▶ [Provided data]
==============================
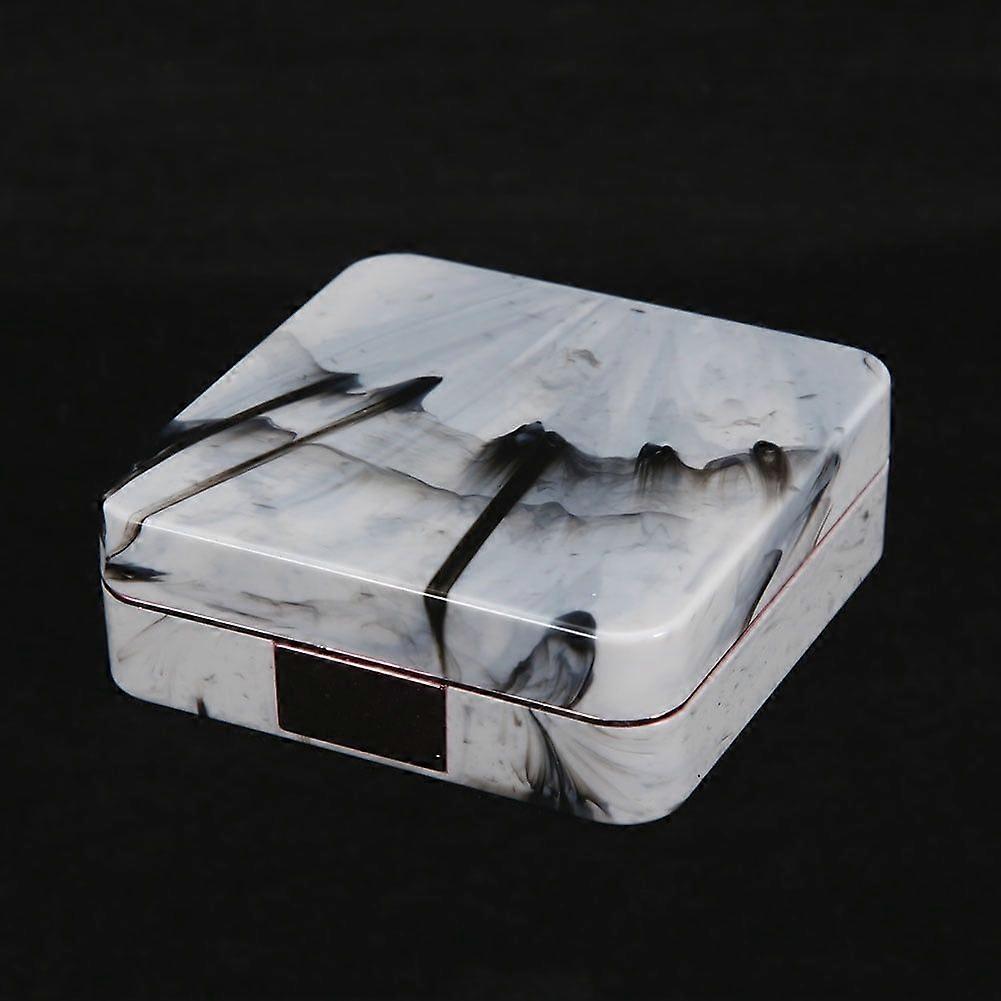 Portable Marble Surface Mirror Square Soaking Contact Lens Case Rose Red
==============================
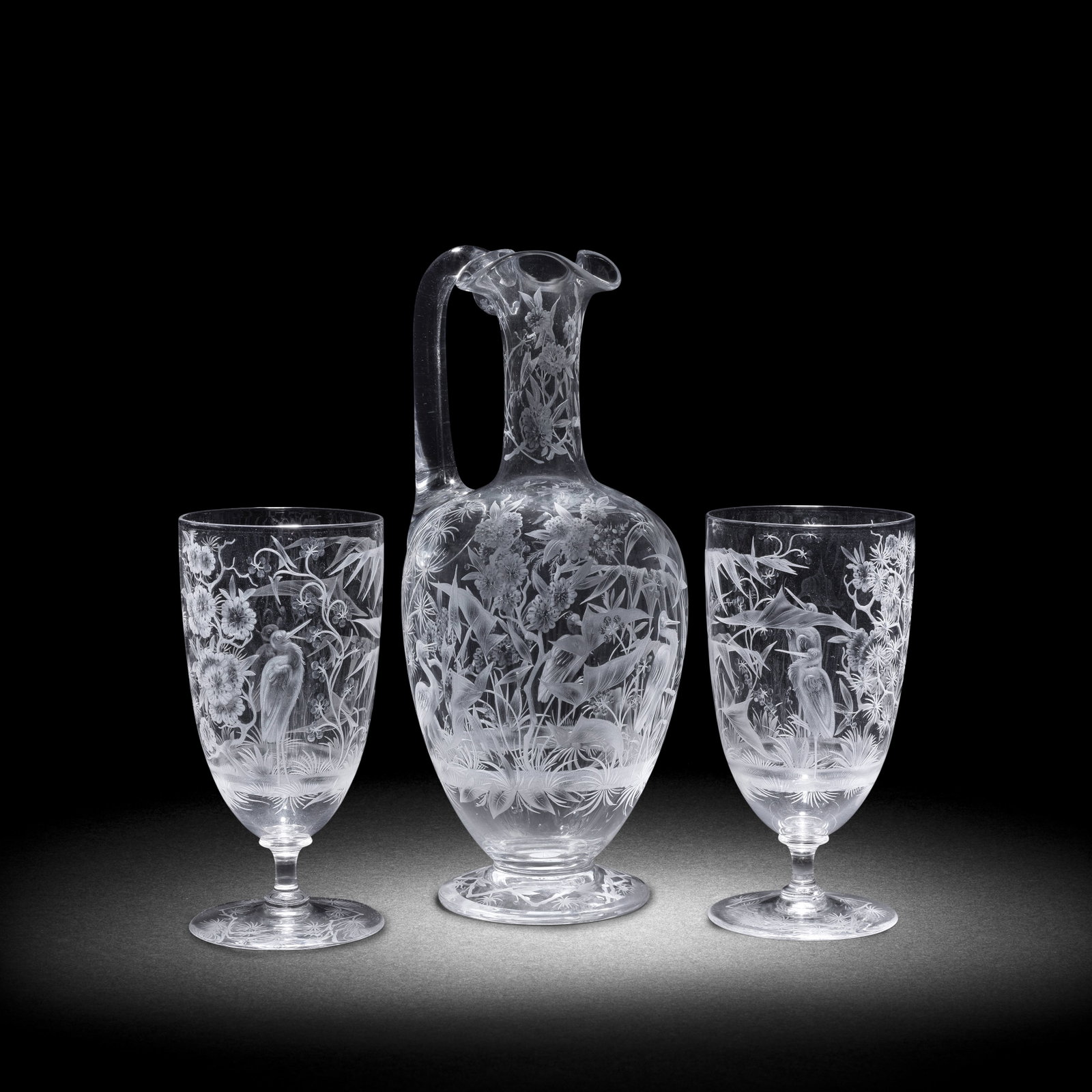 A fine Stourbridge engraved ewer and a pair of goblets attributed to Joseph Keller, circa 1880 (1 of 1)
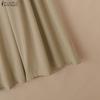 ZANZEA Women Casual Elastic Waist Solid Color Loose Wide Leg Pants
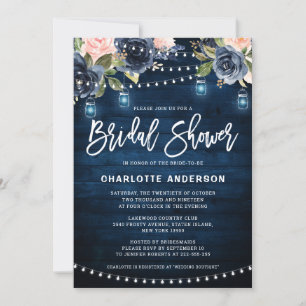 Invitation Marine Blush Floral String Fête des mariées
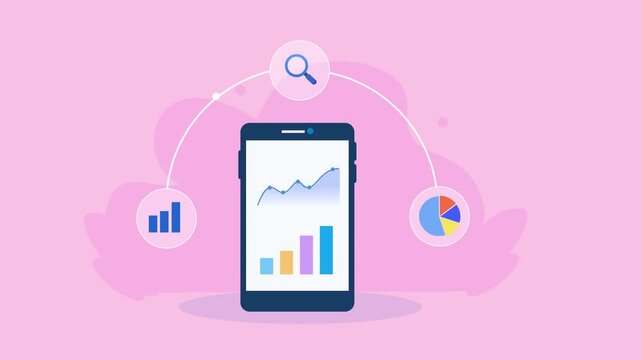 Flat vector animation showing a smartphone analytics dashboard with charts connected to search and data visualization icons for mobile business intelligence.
==============================
▶ [Try it] In the records above, find the line with "ZANZEA Women Casual" and the line with "Flat vector animation", then restate word for word only those two lines and all lines between, omitting pictures.

▶ [Exercise output]
 ZANZEA Women Casual Elastic Waist Solid Color Loose Wide Leg Pants
 Invitation Marine Blush Floral String Fête des mariées
 Flat vector animation showing a smartphone analytics dashboard with charts connected to search and data visualization icons for mobile business intelligence.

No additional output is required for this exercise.